Altered Traits; Letting go with Meditation


By Erin Henshaw

Last month in San Francisco, I had the incredible opportunity to see some of people and places that have most influenced my mindfulness journey.  I had tea over-looking oceanside cliffs at Land’s End with fellow tea-venturer, Jody Beavers, of Tap Twice Tea.  I met a few of the amazing people behind Google’s Search Inside Yourself Leadership Institute, and I got to see Dacher Keltner open a talk at the Greater Good Science Center at Berkeley for Richie Davidson’s newest book, Altered Traits

Altered Traits discusses updated research on the science of meditation, and illuminates the path towards helping individuals change personality traits.  I’d like to review Richie’s presentation in regards to the experience of letting go because I found it inspirational and perspective-shifting. Richie opened his presentation with the quote,

“After becomes the new default.”

This is the prescription for altering traits.  Basically, this means that whatever previously happened in our lives becomes our subconscious baseline for comparison, and sticks. It is important to understand this subconscious mechanism of the brain because although altering personality is quite difficult, understanding the process of creating traits creates a path towards developing long-lasting change. 

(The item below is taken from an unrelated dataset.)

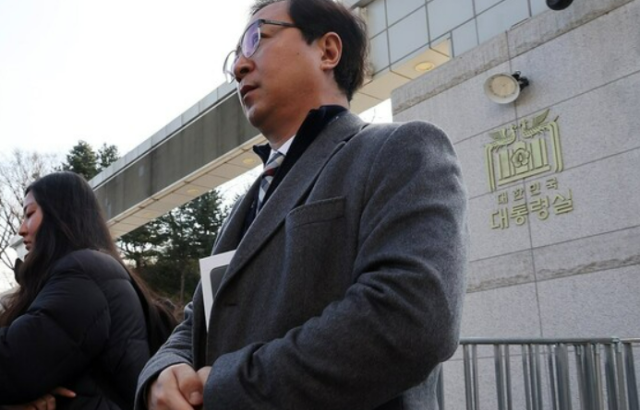 비상계엄 공조수사본부 관계자가 16일 용산 대통령실에서 나오고 있다 사진연합뉴스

So, how can we make sure we aren’t hard-wired to continue in the present as we have in the past?

Keep intentionally letting go. 

Richie explained that neuroplasticity (the ability of the brain to change neural pathways throughout our lifetime) happens wittingly or unwittingly, so we might as well be intentional about letting go of rumination and expectations.  We can elect to show up to the only thing we can affect: the present moment. By focusing on an anchor in the present moment, meditation helps us practice the process of continually letting go. 

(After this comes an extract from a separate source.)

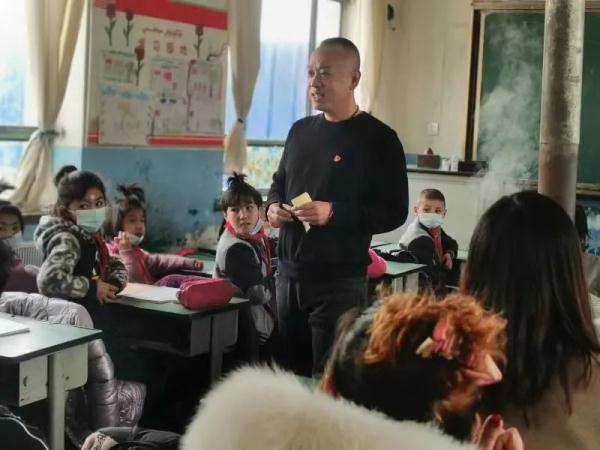 小学德育主任毫不犹豫跳水救人，网友：这是最了不起的德育课！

He elaborated that the best meditation is the one that you do every day!  It takes about 1500-2000 hours of meditation (roughly five years of daily practice) to see evidence of generalizability.  Or more simply, nearly all people who meditate for over five years will begin to see similar benefits, such as enhanced receptivity, emotional regulation and ability to stay in the present moment. 

I deeply resonated with the closing message that personal mental hygiene is now an urgent social and public health need.  Well-being is a skill that has not been traditionally taught in Western society, and that needs to change.  

We put ourselves on the cushion to change our lives.” -Richard Davidson

Other tidbits of note:
-Many brains progress faster or slower than our nominal age, and that meditators brains function like younger brains.  The practice also slows down the aging process.  Meditators also have open sensory channels for pain, and thus recover more rapidly.  

-Meditation does not always lower the heart rate, it has been shown to raise during compassion practices. (Additionally, the insula, a key communicator between body and brain, activates during these practices.)

-Pro-social tendencies are a fundamental feature of the mind, and are enhanced with meditation. See: Social Baseline Theory.